Work request.
Write out exactly the lines below that run from the one containing "Fine Glitter Smoke" through the one containing "Stocked Details Single", both included, with no other lines.

[Dataset records]
....

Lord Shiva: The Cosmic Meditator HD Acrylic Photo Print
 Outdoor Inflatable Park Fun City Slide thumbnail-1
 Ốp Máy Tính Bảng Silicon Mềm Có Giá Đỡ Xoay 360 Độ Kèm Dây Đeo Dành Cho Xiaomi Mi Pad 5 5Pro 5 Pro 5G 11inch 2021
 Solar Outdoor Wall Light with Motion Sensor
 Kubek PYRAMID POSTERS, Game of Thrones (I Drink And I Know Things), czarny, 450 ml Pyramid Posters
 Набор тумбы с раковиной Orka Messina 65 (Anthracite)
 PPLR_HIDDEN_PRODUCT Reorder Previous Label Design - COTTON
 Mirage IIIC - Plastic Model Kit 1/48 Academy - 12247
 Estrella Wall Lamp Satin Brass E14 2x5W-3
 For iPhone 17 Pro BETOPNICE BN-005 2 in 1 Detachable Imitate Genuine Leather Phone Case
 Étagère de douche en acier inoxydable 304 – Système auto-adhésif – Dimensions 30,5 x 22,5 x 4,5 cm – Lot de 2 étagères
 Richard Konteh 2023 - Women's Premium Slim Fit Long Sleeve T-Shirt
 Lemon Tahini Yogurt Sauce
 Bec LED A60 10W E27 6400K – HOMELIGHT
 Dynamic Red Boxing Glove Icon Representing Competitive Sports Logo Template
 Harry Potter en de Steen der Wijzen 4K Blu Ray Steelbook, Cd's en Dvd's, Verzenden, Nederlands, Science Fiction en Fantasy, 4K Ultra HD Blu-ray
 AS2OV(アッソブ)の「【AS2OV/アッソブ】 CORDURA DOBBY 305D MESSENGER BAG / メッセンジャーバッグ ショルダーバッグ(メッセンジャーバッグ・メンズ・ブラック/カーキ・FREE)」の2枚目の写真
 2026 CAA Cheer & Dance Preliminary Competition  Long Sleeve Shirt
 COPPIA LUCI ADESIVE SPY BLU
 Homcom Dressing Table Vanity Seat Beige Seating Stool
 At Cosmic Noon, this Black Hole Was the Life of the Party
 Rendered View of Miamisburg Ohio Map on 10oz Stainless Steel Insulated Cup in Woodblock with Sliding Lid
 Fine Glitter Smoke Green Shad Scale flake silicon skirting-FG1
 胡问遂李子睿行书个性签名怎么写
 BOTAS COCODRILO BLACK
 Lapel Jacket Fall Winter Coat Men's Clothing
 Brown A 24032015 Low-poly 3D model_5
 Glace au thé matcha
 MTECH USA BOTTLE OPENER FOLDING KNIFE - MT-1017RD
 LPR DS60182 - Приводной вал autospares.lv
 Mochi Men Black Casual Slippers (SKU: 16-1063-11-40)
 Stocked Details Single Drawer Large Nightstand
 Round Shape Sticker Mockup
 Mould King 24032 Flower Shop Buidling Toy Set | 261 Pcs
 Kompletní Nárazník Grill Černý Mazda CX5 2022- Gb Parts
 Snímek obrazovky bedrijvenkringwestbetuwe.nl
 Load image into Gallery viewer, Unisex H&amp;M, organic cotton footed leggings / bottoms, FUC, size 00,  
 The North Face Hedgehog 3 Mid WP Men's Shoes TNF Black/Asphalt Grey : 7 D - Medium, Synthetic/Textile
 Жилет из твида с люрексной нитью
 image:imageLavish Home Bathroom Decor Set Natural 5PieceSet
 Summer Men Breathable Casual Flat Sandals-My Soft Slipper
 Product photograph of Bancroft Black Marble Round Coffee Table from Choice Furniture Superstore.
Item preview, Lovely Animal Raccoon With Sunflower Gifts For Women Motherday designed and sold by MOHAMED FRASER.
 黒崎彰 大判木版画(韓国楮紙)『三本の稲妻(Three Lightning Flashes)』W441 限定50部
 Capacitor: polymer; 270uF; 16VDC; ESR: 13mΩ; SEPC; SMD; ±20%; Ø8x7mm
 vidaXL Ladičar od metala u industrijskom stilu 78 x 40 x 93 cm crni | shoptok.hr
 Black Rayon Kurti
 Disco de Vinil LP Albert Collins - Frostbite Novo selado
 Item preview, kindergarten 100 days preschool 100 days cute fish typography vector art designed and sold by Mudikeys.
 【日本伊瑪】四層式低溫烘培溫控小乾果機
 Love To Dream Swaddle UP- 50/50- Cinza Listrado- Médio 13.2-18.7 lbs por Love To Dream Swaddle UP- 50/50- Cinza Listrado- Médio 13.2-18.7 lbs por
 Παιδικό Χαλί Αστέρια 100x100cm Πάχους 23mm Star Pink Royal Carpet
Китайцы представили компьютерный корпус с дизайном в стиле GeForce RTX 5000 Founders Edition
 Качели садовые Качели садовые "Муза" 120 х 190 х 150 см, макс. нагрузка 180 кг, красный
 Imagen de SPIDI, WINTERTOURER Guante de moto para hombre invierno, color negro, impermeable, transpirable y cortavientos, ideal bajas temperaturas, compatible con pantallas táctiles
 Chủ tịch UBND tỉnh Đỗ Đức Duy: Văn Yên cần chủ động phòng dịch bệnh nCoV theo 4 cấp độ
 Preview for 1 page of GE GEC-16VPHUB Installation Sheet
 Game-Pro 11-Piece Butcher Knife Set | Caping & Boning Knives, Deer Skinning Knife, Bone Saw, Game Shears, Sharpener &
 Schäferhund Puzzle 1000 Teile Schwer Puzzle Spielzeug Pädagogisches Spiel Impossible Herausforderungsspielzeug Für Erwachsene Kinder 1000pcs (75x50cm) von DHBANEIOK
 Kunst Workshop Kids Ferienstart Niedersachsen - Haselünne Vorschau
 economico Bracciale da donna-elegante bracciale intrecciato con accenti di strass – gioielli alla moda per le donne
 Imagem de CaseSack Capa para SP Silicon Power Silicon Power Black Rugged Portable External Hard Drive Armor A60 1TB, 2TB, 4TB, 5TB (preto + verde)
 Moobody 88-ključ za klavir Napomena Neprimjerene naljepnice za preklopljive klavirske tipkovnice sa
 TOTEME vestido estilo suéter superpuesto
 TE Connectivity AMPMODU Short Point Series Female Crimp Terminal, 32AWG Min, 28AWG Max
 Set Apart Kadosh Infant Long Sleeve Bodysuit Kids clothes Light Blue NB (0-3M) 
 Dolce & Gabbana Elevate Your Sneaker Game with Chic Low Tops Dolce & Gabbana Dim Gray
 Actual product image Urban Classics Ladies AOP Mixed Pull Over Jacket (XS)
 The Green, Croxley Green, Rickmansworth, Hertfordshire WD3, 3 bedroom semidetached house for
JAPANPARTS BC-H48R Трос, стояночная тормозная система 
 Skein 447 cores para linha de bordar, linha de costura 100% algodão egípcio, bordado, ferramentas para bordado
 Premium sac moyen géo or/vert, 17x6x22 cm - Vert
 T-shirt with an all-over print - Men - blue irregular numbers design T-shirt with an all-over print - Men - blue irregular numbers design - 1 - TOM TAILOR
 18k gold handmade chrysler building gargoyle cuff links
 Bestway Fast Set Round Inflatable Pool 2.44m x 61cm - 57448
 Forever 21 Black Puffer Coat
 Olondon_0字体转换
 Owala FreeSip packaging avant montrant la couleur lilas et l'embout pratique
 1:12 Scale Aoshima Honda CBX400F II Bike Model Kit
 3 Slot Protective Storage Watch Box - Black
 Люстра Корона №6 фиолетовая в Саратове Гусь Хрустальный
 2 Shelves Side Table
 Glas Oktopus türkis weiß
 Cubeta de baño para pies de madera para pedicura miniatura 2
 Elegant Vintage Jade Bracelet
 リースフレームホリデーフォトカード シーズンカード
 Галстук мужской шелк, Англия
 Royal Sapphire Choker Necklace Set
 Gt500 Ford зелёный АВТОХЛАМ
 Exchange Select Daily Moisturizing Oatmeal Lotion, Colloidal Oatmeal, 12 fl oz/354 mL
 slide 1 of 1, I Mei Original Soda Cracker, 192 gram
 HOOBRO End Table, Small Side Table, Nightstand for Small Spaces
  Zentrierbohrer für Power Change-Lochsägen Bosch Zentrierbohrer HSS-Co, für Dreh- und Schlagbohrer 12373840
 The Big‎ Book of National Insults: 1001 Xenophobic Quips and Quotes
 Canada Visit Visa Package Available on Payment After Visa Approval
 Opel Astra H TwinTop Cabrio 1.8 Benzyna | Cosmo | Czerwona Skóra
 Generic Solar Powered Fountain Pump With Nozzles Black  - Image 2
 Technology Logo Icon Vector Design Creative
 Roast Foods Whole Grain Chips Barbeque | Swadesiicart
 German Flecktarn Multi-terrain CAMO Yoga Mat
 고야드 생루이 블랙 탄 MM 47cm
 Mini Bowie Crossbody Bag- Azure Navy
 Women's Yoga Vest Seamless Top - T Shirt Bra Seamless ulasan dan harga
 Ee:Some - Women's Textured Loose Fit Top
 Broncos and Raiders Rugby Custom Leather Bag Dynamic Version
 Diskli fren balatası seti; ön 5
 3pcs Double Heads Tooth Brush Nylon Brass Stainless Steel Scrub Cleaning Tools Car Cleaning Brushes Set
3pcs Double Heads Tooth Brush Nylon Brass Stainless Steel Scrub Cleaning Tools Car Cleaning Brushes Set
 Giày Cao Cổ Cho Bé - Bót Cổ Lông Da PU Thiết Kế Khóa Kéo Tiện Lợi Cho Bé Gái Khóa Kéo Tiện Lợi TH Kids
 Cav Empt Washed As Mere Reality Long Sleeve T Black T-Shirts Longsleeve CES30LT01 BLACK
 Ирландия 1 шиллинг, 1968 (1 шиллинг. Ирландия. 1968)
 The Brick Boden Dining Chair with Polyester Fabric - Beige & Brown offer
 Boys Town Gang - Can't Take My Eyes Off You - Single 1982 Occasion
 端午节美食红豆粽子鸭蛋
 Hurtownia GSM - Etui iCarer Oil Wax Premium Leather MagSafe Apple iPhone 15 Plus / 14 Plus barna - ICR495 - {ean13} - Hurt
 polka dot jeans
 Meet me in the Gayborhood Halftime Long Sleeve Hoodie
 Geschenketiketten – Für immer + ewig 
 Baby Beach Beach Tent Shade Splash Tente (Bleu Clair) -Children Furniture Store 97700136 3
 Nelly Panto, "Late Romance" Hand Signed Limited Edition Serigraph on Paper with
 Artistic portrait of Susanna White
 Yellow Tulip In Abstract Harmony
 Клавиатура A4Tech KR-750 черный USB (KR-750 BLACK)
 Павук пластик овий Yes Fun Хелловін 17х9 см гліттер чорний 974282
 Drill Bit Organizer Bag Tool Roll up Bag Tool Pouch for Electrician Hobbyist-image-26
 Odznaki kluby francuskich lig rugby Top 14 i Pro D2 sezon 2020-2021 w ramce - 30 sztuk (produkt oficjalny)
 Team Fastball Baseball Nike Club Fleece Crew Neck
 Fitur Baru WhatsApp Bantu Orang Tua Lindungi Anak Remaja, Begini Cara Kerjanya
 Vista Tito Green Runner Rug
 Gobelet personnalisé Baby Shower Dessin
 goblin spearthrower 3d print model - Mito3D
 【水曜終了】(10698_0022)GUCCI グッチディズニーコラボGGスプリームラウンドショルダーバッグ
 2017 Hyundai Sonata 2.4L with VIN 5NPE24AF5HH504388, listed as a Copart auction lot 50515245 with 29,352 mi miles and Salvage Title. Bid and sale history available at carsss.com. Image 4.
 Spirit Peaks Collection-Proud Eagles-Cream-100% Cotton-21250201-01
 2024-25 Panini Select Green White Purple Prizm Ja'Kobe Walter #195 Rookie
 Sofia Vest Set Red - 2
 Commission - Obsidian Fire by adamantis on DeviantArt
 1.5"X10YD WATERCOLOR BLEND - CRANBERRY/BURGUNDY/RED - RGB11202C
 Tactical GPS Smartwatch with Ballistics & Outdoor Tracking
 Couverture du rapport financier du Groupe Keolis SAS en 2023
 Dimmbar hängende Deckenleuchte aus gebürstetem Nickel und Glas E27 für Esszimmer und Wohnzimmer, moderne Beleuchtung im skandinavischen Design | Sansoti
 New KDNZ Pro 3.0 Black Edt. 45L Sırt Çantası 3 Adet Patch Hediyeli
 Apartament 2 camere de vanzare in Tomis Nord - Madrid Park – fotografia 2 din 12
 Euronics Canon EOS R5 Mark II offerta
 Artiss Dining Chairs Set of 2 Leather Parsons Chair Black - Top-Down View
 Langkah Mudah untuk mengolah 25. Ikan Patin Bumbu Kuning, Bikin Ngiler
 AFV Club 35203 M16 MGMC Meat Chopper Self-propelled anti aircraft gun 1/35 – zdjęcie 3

....

Reply to the task.
 Fine Glitter Smoke Green Shad Scale flake silicon skirting-FG1
 胡问遂李子睿行书个性签名怎么写
 BOTAS COCODRILO BLACK
 Lapel Jacket Fall Winter Coat Men's Clothing
 Brown A 24032015 Low-poly 3D model_5
 Glace au thé matcha
 MTECH USA BOTTLE OPENER FOLDING KNIFE - MT-1017RD
 LPR DS60182 - Приводной вал autospares.lv
 Mochi Men Black Casual Slippers (SKU: 16-1063-11-40)
 Stocked Details Single Drawer Large Nightstand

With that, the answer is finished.